Dataset Workflow

This page walks through one complete dataset production path: from an existing project with curated, canon-bound records to a versioned export package and eval pack.

Prerequisites

Before starting, you need a project with:

Curated records (at least some approved with per-dimension scores)
Canon binding (sdlab bind has been run, producing pass/fail/partial assertions)
A valid project config (sdlab project doctor passes)

If you don’t have curated records yet, see Getting Started first.

Step 1: Check eligibility

Before creating a snapshot, audit which records qualify for inclusion.

sdlab eligibility audit --project my-project

This evaluates every record against the default selection profile:

Requires human judgment (no un-reviewed records)
Requires approved status
Requires canon binding (at least one assertion)
Requires minimum 50% pass ratio

The audit shows your eligibility rate and breaks down exclusion reasons. Near-miss records (1 failing check) are highlighted as improvement opportunities.

Step 2: Create a snapshot

A snapshot freezes a deterministic selection of eligible records at a point in time.

sdlab snapshot create --project my-project

What this produces:

snapshots/<id>/snapshot.json — manifest with config fingerprint, counts, selection profile
snapshots/<id>/included.jsonl — one line per included record with reason trace
snapshots/<id>/excluded.jsonl — one line per excluded record with exclusion reasons
snapshots/<id>/summary.json — lane and faction distribution

Key property: the same project config and records always produce the same snapshot. The config fingerprint (SHA-256 of all 5 config files) proves this.

Use sdlab snapshot list and sdlab snapshot diff <a> <b> to track changes over time.

Step 3: Build a split

A split assigns snapshot records to train/val/test partitions.

sdlab split build --project my-project

Two laws govern splitting:

Subject isolation — records sharing a subject family always land in the same split.

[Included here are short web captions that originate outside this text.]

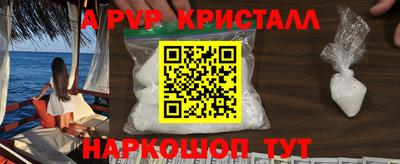мяу мяу кристалл Гусь-Хрустальный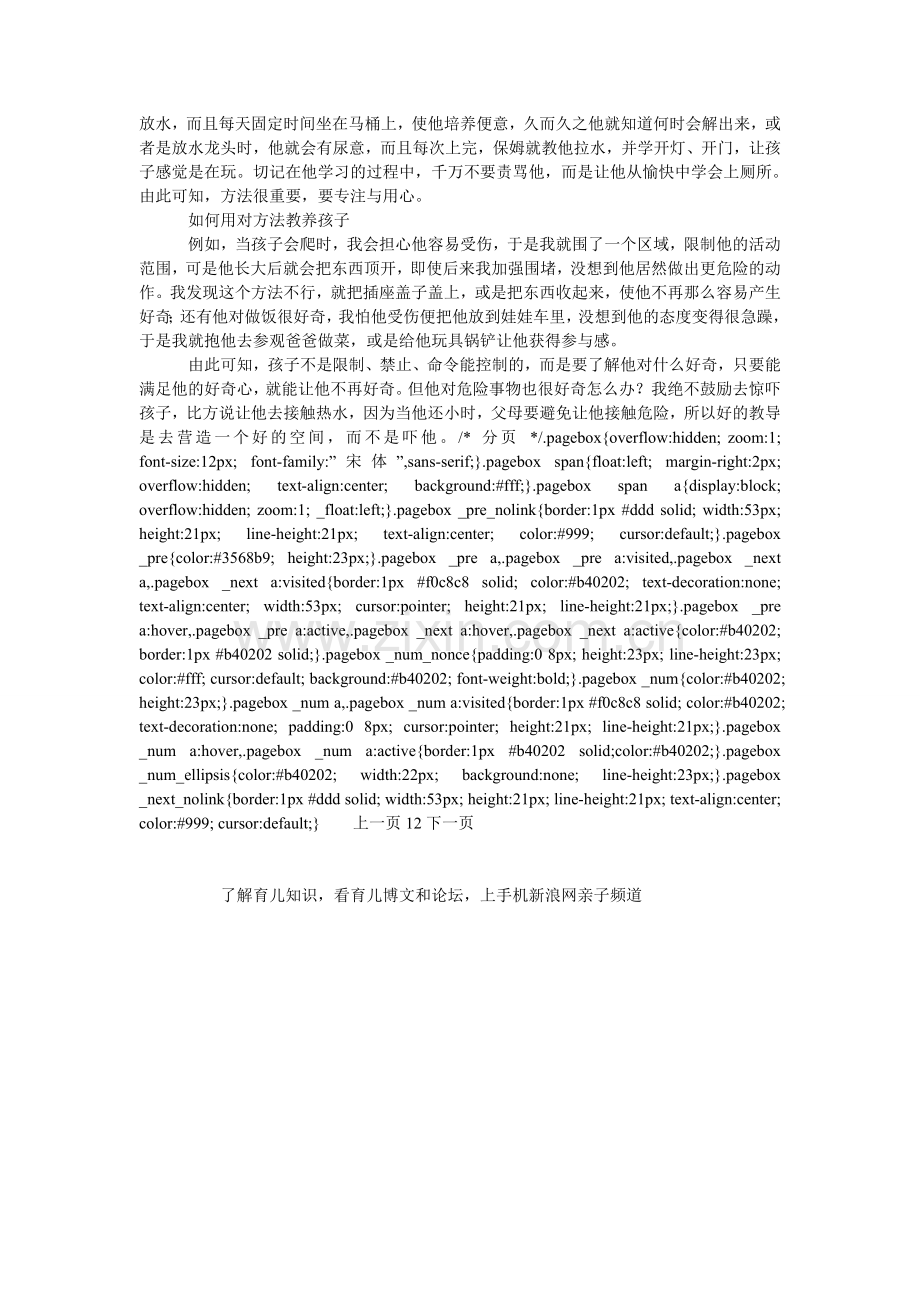 三岁前：决定孩子的一生.doc_第2页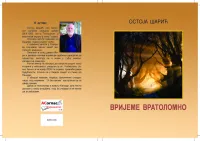 Zbirka Pjesama ”Vrijeme Vratolomno”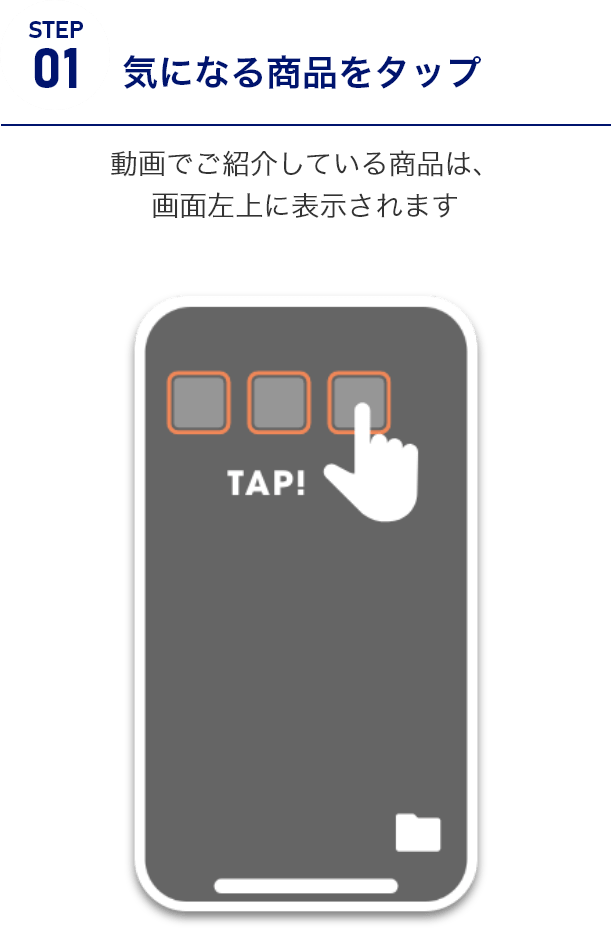 STEP1気になる商品をタップ　動画でご紹介している商品は、画面左上に表示されます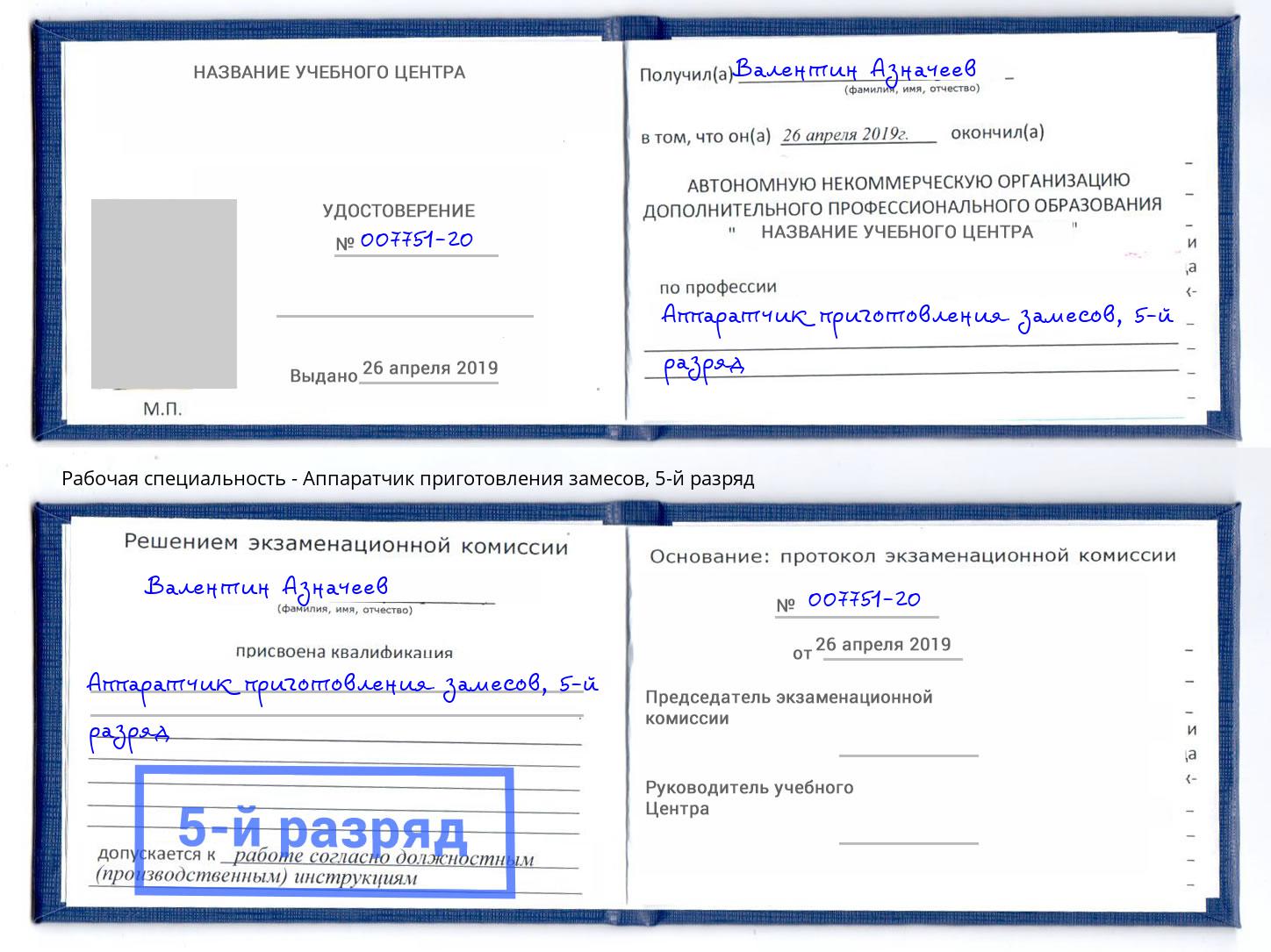 корочка 5-й разряд Аппаратчик приготовления замесов Подольск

Family is determined by identity.subject_name, lineage chain, or ID suffix stripping.
Lane balance — families are grouped by primary lane, shuffled with a seeded PRNG, and assigned to maintain target ratios per lane.

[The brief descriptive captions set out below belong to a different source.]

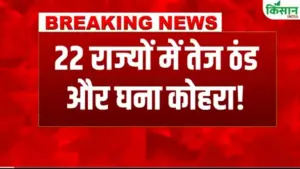 2026 में कब तक रहेगी सर्दी : जानें स्कायमेट का मौसम पुर्वानुमान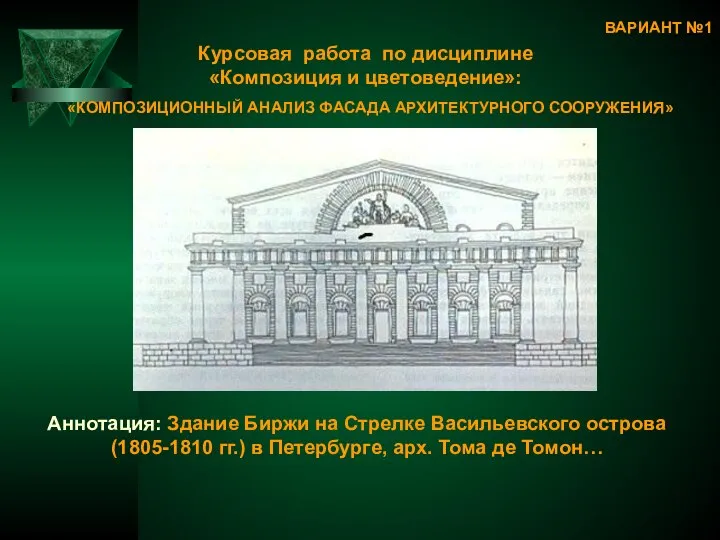 Аннотация: Здание Биржи на Стрелке Васильевского острова (1805-1810 гг.) в Петербурге,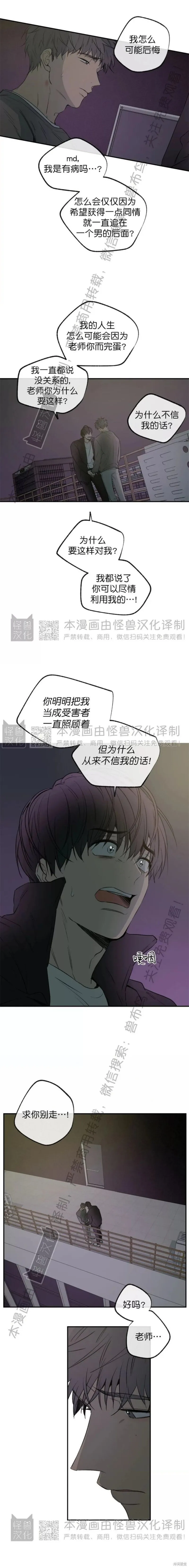 番外27 第4页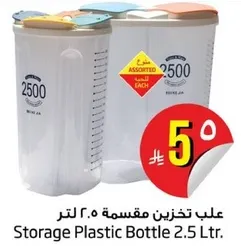 Storage Plastic Bottle 2.5 Ltr.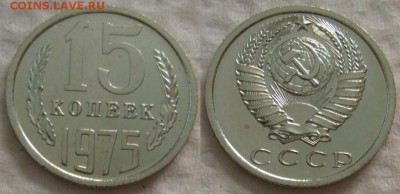 15 коп 1975г. ВUNC с 200р. до 14.09.2017г. 22:00 - 15к75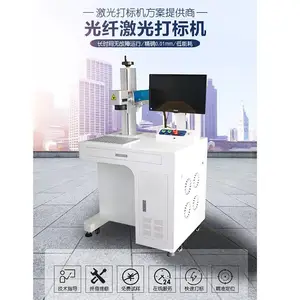 YH激光打标机不锈钢金属设备铭牌标识牌刻字刻度加工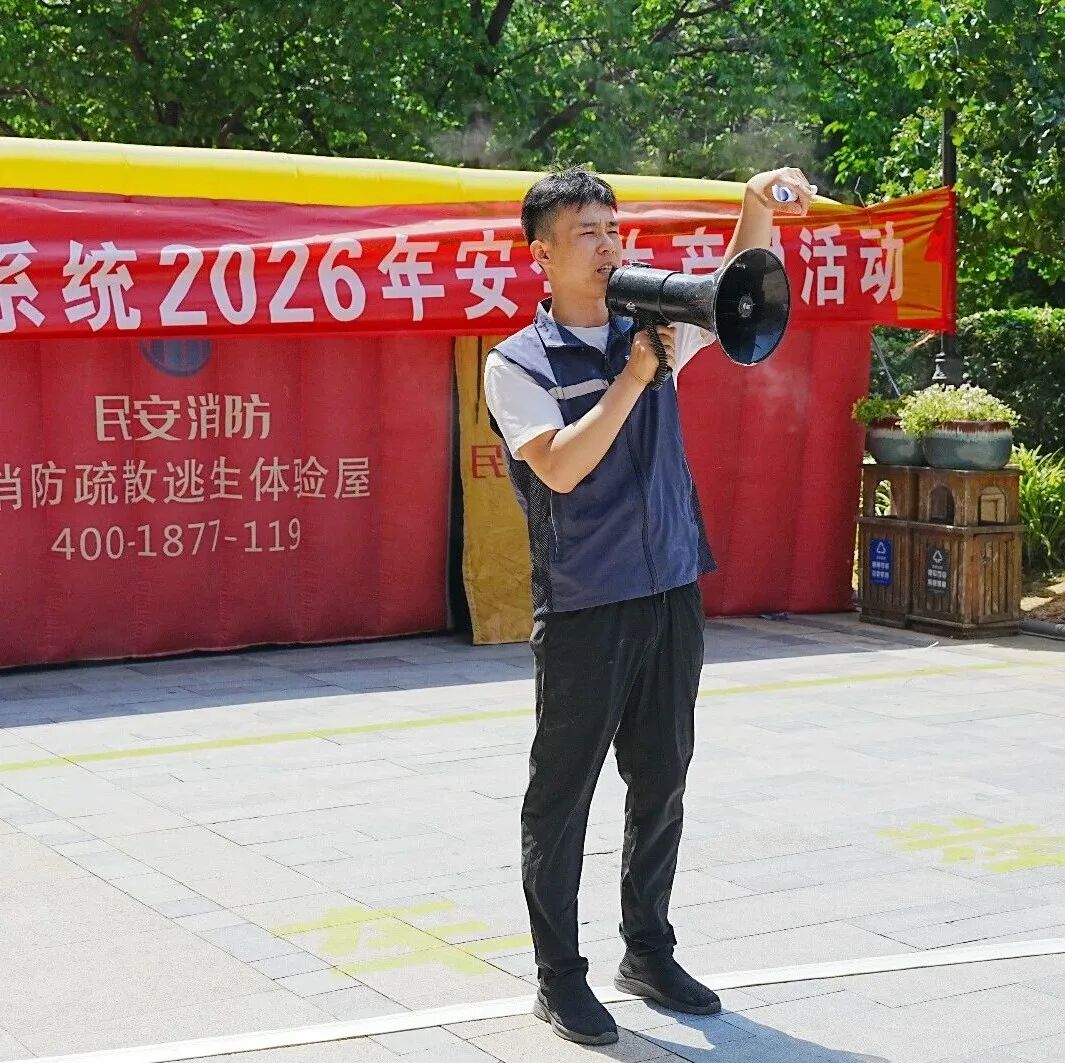 「医」心守护安全线——徐州仁慈医院举办 2026 年安全生产月宣教活动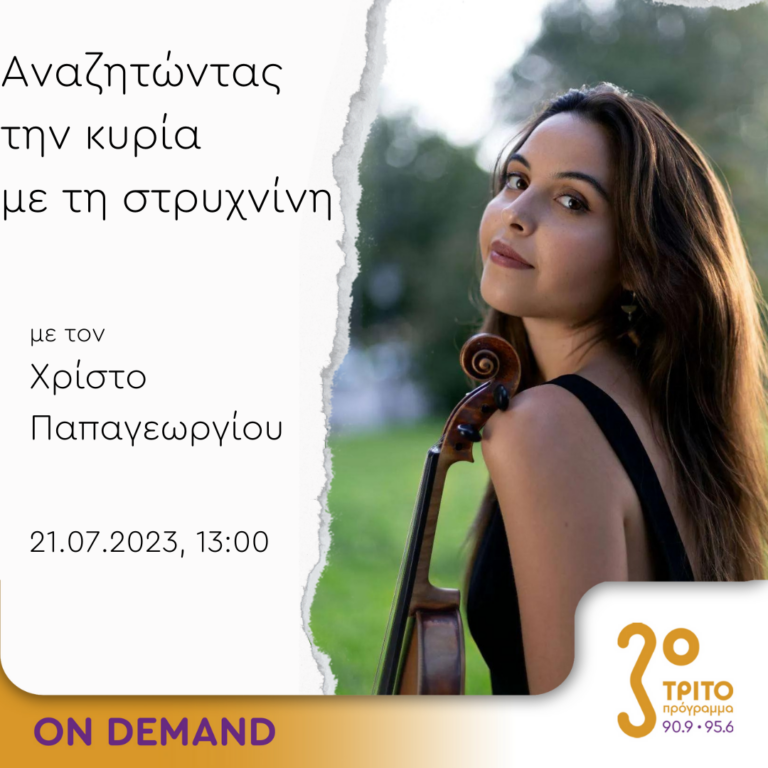 “Αναζητώντας την Κυρία με τη στρυχνίνη” με τον Χρίστο Παπαγεωργίου | 21.07.2023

Default profile: 80/10/10 split, seed 42, subject-isolated strategy.

Verify the split:

sdlab split audit <split-id> --project my-project

The audit checks for subject leakage (must be zero) and reports lane balance across partitions.

Step 4: Generate a dataset card

sdlab card generate --project my-project

This produces dataset-card.md and dataset-card.json in the project root, documenting:

Selection criteria and eligibility profile
Split strategy and partition sizes
Lane balance table
Quality gates (constitution rules, rubric dimensions)
Provenance chain

Step 5: Build an export package

An export package is a self-contained dataset directory.

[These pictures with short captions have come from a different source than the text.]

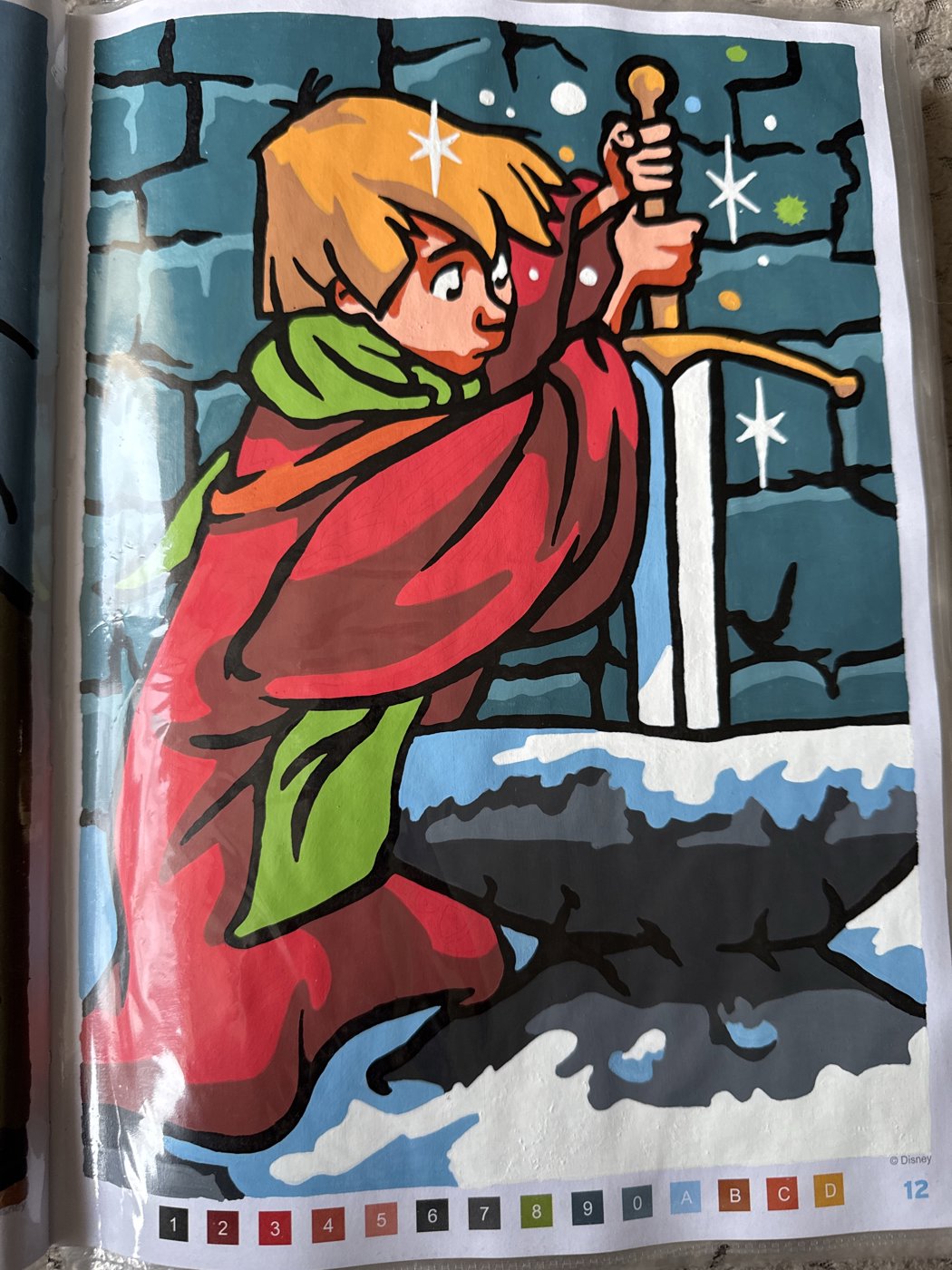 Работа от Маша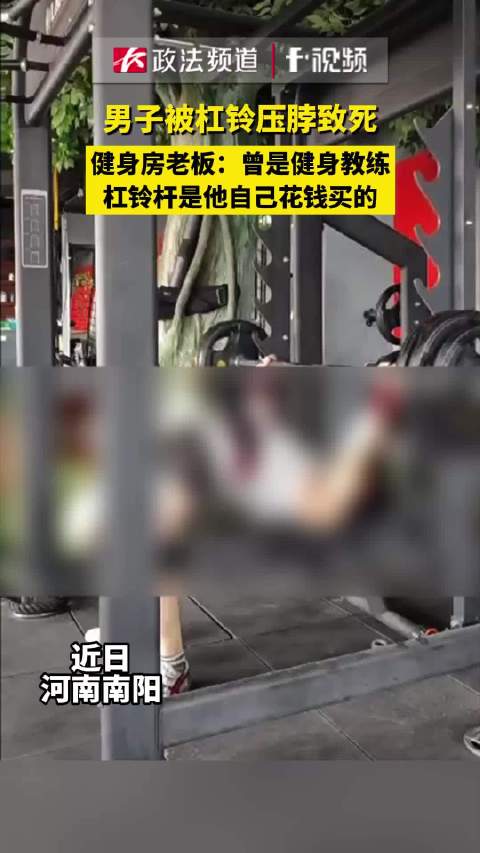 男子被杠铃压死 老板:杠铃他买的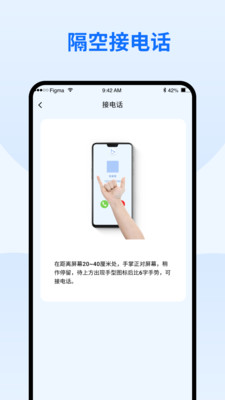 隔空手势  v1.0图2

sdlab export build --project my-project

Output structure:

exports/<id>/
  manifest.json      # snapshot ref, split ref, profile, checksums
  metadata.jsonl     # one record per line (full provenance + judgment + canon)
  images/            # symlinks to approved images (use --copy for real copies)
  splits/
    train.jsonl
    val.jsonl
    test.jsonl
  dataset-card.md
  dataset-card.json
  checksums.txt      # BSD format: SHA256 (<path>) = <hash>
  summary.json

The manifest stores everything needed to rebuild: snapshot ref, split ref, export profile, and config fingerprint. This is a reproducibility contract.

Use sdlab export list to see all packages.

Step 6: Build an eval pack

Eval packs are canon-aware test instruments for future model verification.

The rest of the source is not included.